Work instruction: After locating the line that contains "Modern Wall Mounted" in the following entries, reproduce it and each later line exactly, including the last.

Exercise input:

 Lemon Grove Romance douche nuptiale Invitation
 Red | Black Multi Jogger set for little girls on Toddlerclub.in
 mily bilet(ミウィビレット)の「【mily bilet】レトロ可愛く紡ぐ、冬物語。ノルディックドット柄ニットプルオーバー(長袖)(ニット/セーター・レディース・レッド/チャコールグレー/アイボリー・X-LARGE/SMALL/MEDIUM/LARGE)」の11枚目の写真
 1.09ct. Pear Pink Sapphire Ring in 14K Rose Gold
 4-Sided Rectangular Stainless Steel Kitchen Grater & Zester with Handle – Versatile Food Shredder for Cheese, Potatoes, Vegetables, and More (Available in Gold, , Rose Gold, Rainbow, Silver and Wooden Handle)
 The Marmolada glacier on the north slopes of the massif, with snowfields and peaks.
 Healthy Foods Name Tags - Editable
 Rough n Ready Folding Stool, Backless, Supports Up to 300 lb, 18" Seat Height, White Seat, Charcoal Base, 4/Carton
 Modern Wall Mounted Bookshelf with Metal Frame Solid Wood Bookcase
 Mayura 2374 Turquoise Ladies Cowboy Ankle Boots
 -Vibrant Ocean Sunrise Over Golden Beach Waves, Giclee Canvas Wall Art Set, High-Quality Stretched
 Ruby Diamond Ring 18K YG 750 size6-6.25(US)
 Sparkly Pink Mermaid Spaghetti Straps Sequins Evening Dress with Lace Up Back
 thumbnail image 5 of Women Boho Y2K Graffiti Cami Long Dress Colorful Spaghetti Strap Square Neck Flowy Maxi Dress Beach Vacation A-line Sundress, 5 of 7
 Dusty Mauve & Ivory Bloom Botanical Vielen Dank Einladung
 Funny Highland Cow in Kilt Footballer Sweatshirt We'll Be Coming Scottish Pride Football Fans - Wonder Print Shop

Task output:
 Modern Wall Mounted Bookshelf with Metal Frame Solid Wood Bookcase
 Mayura 2374 Turquoise Ladies Cowboy Ankle Boots
 -Vibrant Ocean Sunrise Over Golden Beach Waves, Giclee Canvas Wall Art Set, High-Quality Stretched
 Ruby Diamond Ring 18K YG 750 size6-6.25(US)
 Sparkly Pink Mermaid Spaghetti Straps Sequins Evening Dress with Lace Up Back
 thumbnail image 5 of Women Boho Y2K Graffiti Cami Long Dress Colorful Spaghetti Strap Square Neck Flowy Maxi Dress Beach Vacation A-line Sundress, 5 of 7
 Dusty Mauve & Ivory Bloom Botanical Vielen Dank Einladung
 Funny Highland Cow in Kilt Footballer Sweatshirt We'll Be Coming Scottish Pride Football Fans - Wonder Print Shop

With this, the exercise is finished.